Bypassing Bitlocker using a cheap logic analyzer on a Lenovo laptop

Source: OSNews

Article note: Securing a machine an attacker has physical access to is _extremely fucking difficult_... but being able to sniff plaintext keys off an exposed SPI bus is some first decade of the 2000s "an attempt was made" shit. At least they (probably) couldn't just plug into the SPI device and ask for the key offline. Someone buy the person who did it BusPirate and/or a cheap MSO with LA pins, they're going places.

The BitLocker partition is encrypted using the Full Volume Encryption Key (FVEK). The FVEK itself is encrypted using the Volume Master Key (VMK) and stored on the disk, next to the encrypted data.
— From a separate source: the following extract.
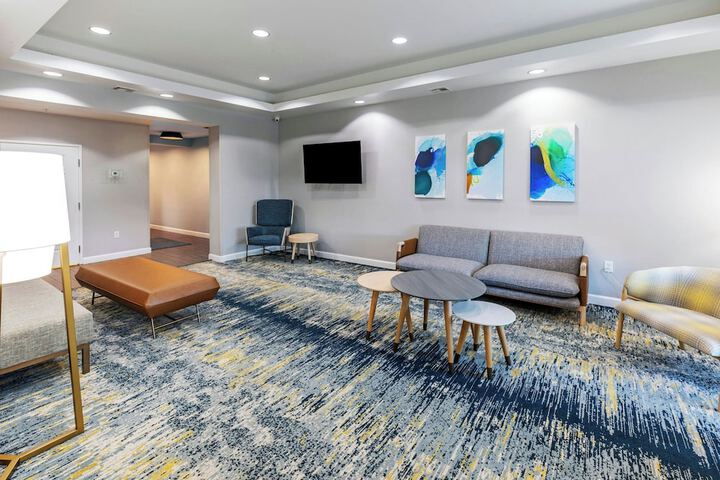 Lobby lounge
This permits key rotations without re-encrypting the whole disk.

The VMK is stored in the TPM. Thus the disk can only be decrypted when booted from this computer (there is a recovery mechanism in Active Directory though).

In order to decrypt the disk, the CPU will ask that the TPM sends the VMK over the SPI bus.
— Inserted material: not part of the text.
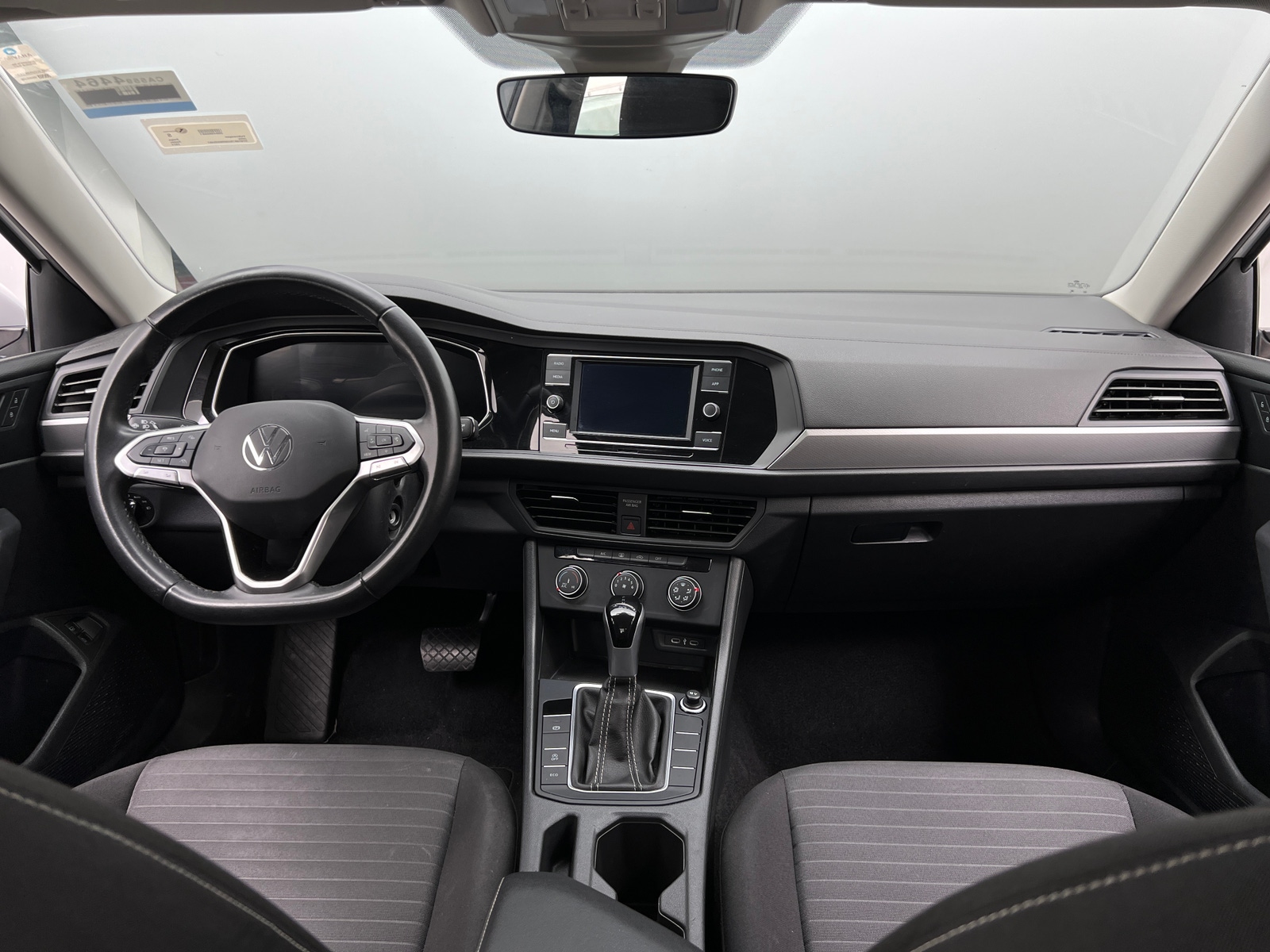 Thumbnail: 2024 Volkswagen Jetta - 3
The vulnerability should be obvious: at some point in the boot process, the VMK transits unencrypted between the TPM and the CPU. This means that it can be captured and used to decrypt the disk.

This seems like such an obvious design flaw, and yet, that’s exactly how it works – and yes, as this article notes, you can indeed capture the VMK in-transit and decrypt the disk.